Last week, at the start of March 2010, I lay out for a couple of hours on the bain de soleil warming myself for the first time after a long cold winter. Everyone round here agrees that France had its coldest winter for decades in 2009. Finally the sun seemed to be making a comeback.
Till the 7th of March. And then, wham, a thick rug of snow hit rapidly in the afternoon, turning my car into something that looked like an igloo and the logpile into a huge snow-hump. This was not the last gentle snow shower of the year - it was a serious, unwelcome return to winter.

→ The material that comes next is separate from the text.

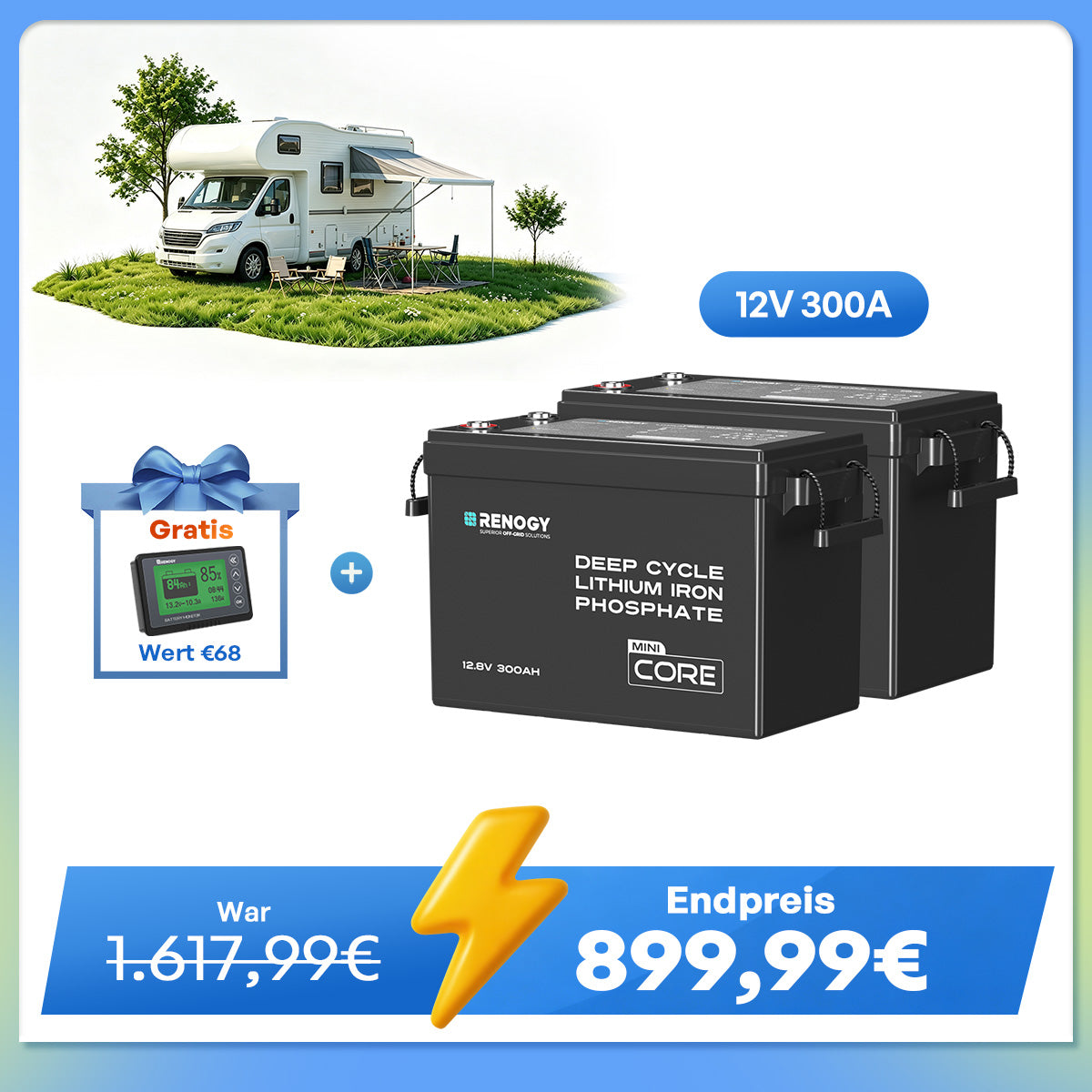 Core Mini - 12V 300Ah LiFePo4 Lithium Batterie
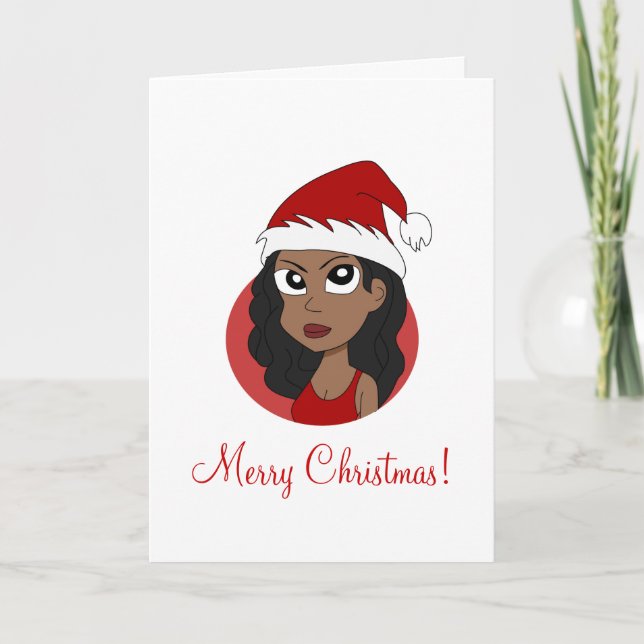 Christmas girl cartoon holiday card (Front)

I visited a friend in St Remy last week, who has hundreds of olive trees on her land right at the foot of the Alpilles. When I arrived I immediately noticed branches lying beside all the trees and wondered why she'd had them pruned at the start of March instead of later in the spring as usual. "They haven't been pruned" she said. "It's all snow damage." They had 40 centimetres of snow in and around Les Baux and St Remy not long before and the branches simply broke under the weight.
I went out this morning into ankle deep snow and looked at the land. Already the thaw had begun. Large chunks of snow were thudding to the ground from the roof and the pine trees. There were deer tracks in the snow bordering the forest. A guy from the village went by on his lovely black horse, bareback. The forest was silent apart from the occasional whooshing of snow falling. The small songbirds which have arrived in recent weeks are not singing, huddled presumably in snowy nests.
The snow's a bit of a pain for the flowers and buds that were coming out. It'll hang around for a day or two. But it's also beautiful and all the more so because it's relatively rare. I just hope it hasn't destroyed the first tender shoots of asperge sauvage which should be making their appearance any time soon.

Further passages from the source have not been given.